Exercise requirements - Leaving out the pictures, copy each record below exactly.

Dataset extract -
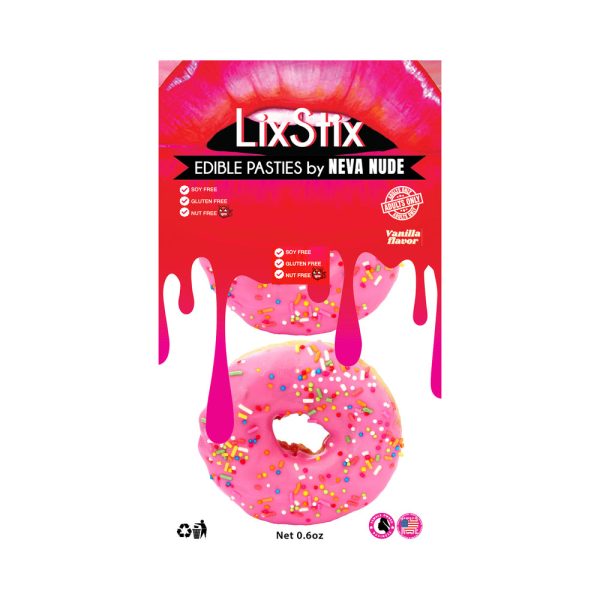 Neva Nude Very Vanilla Simp Sonz D''ohnut Edible Nipple Pasties - Image 2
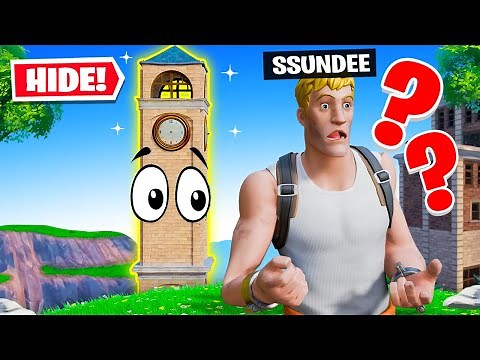 OG Tilted Towers Prop Hunt in Fortnite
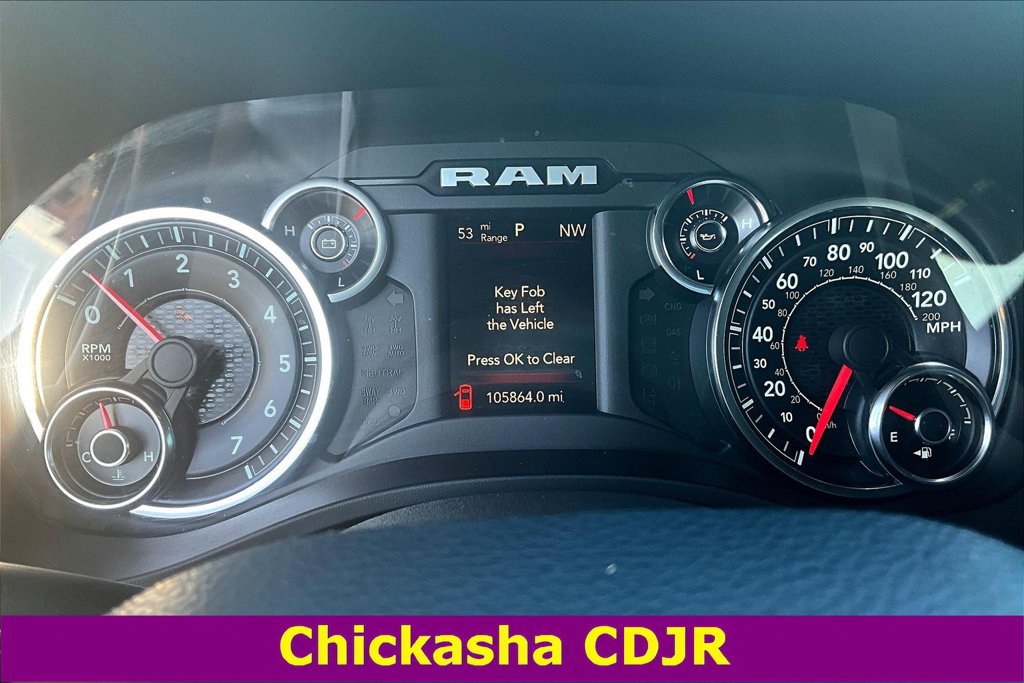 Used 2019 RAM 1500 Big Horn RWD image 14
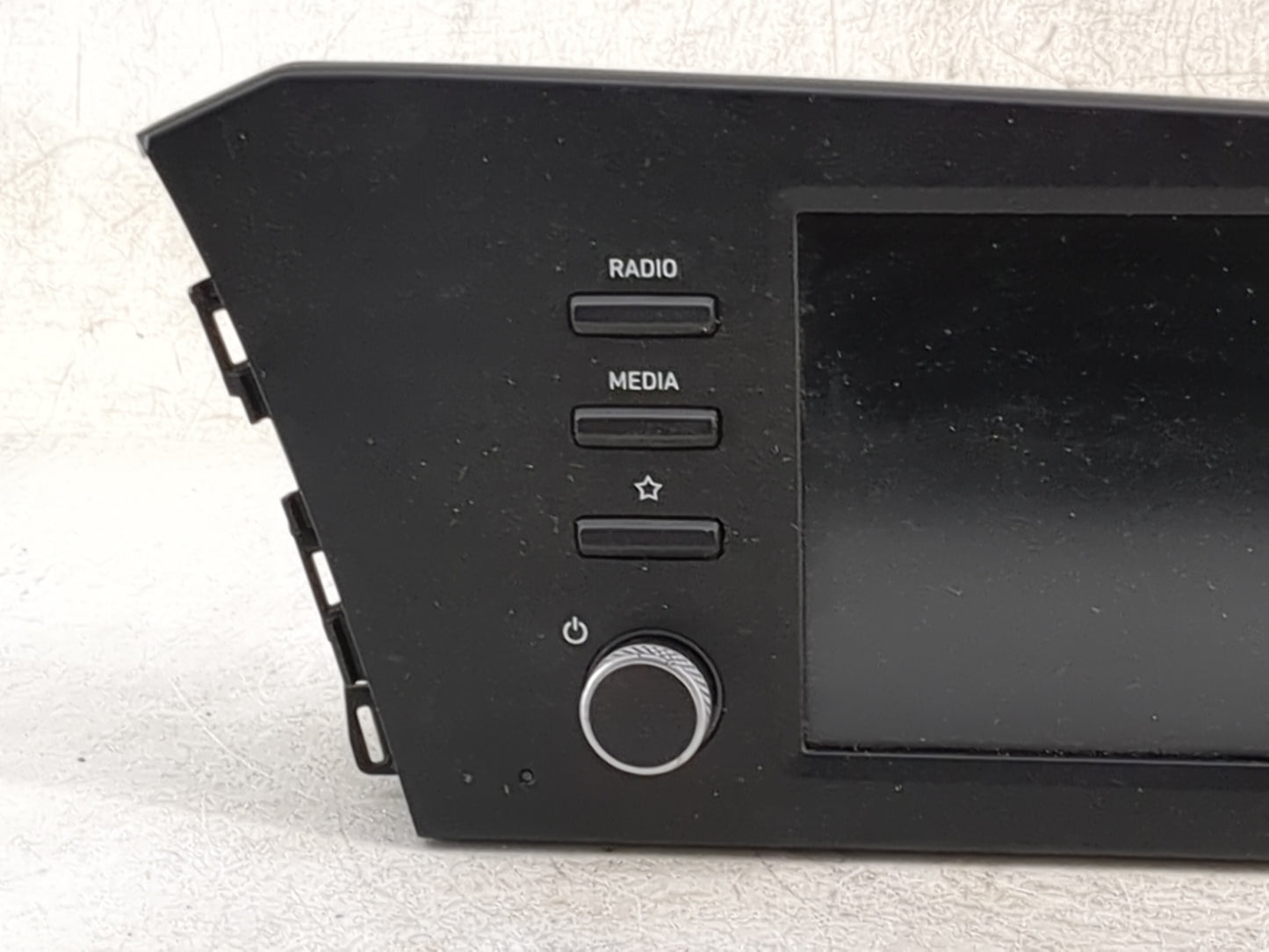 2021-2022 Hyundai Elantra Radio AM FM Cd Player Receiver Replacement P/N:96160AA240LS5 ADB400AAN Fits Fits 2021 2022 OEM Use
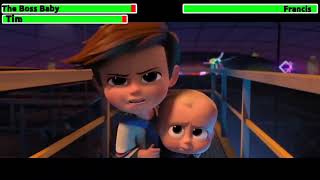 The Boss Baby Final Battle with healthbars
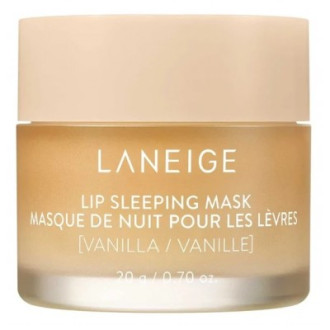 Маска для губ з ароматом ванілі Laneige Lip Sleeping Mask EX Vanilla, 20g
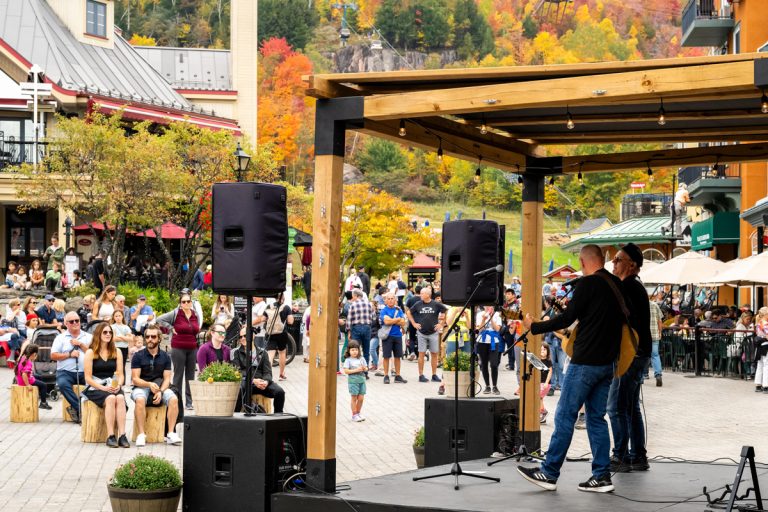 Mont-Tremblant September schedule 2025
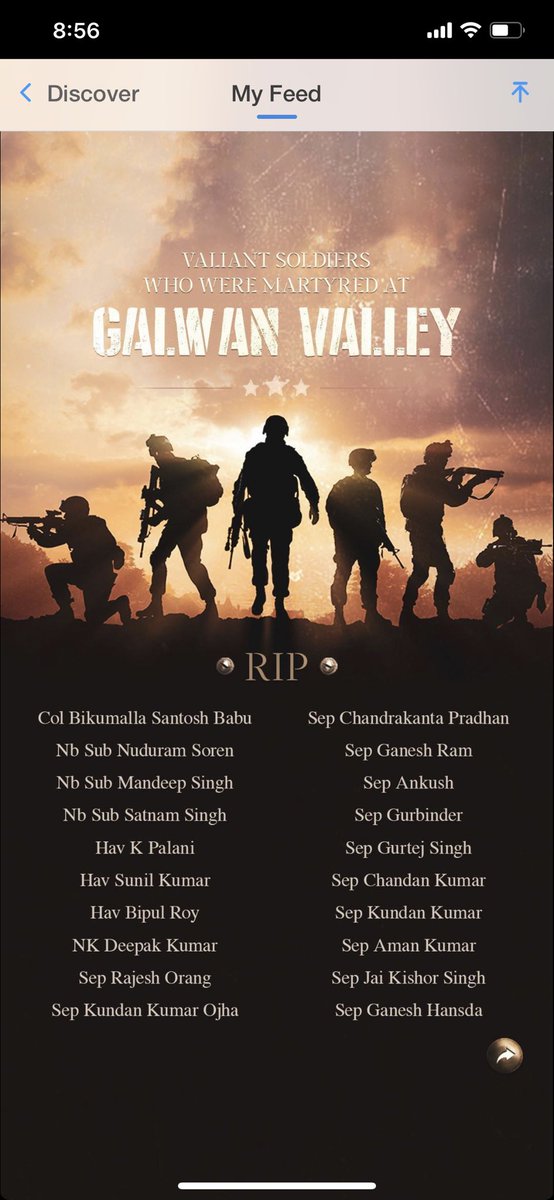 Salute to all the Bravehearts#jai hind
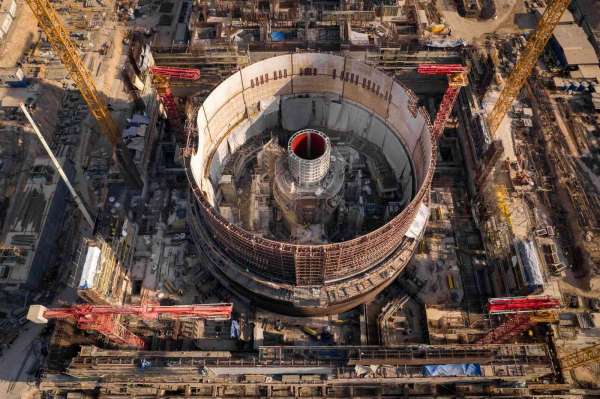 Akkuyu NGS'nin 2 Ünitesinde reaktör şaftının kaplaması tamamlandı - Mersin haber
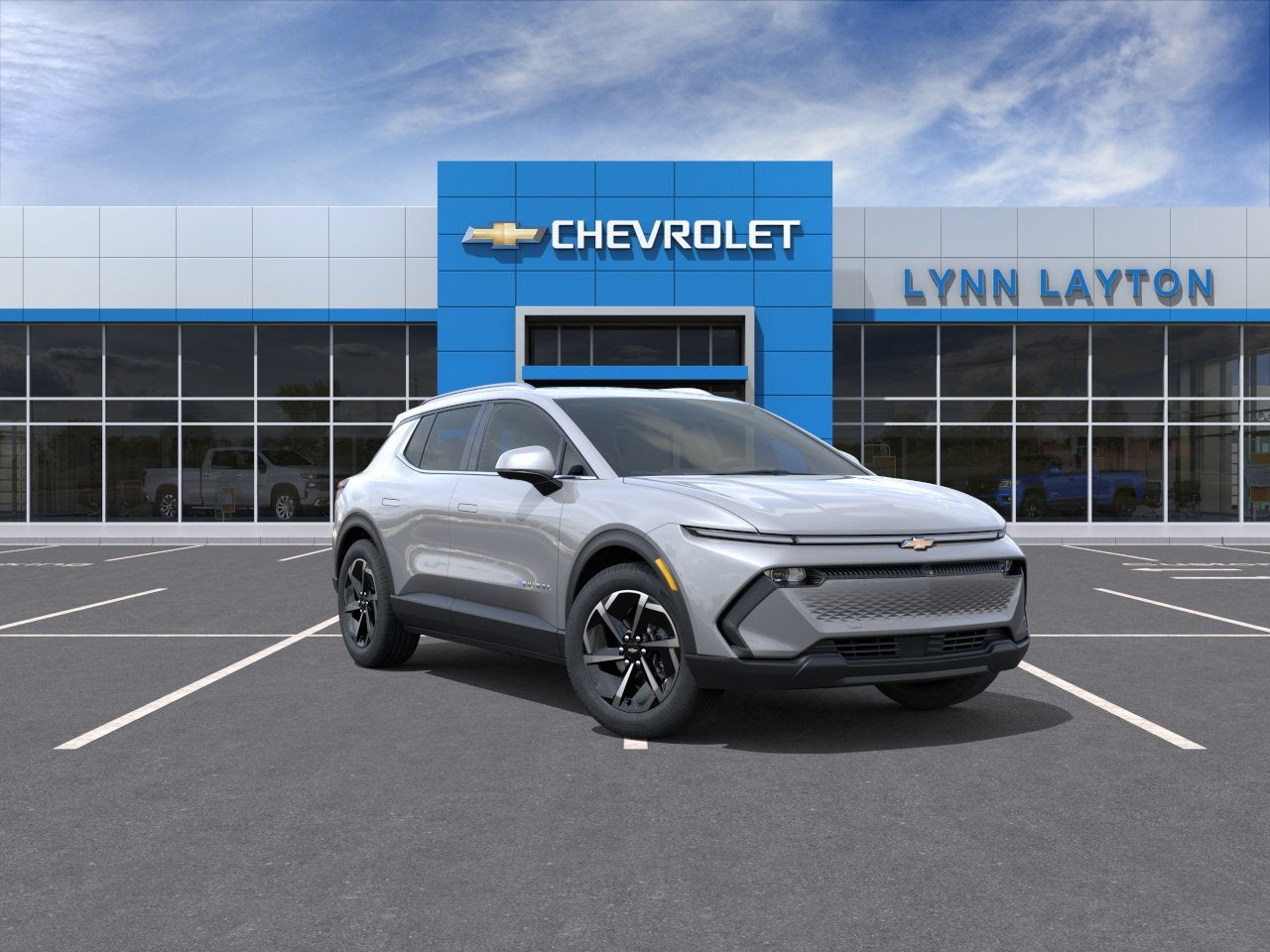 Sterling Gray Metallic 2026 Chevrolet Equinox EV SUV / Crossover Front-Wheel Drive Automatic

Result of this task -
 Neva Nude Very Vanilla Simp Sonz D''ohnut Edible Nipple Pasties - Image 2
 OG Tilted Towers Prop Hunt in Fortnite
 Used 2019 RAM 1500 Big Horn RWD image 14
 2021-2022 Hyundai Elantra Radio AM FM Cd Player Receiver Replacement P/N:96160AA240LS5 ADB400AAN Fits Fits 2021 2022 OEM Use
 The Boss Baby Final Battle with healthbars
 Маска для губ з ароматом ванілі Laneige Lip Sleeping Mask EX Vanilla, 20g
 Mont-Tremblant September schedule 2025
 Salute to all the Bravehearts#jai hind
 Akkuyu NGS'nin 2 Ünitesinde reaktör şaftının kaplaması tamamlandı - Mersin haber
 Sterling Gray Metallic 2026 Chevrolet Equinox EV SUV / Crossover Front-Wheel Drive Automatic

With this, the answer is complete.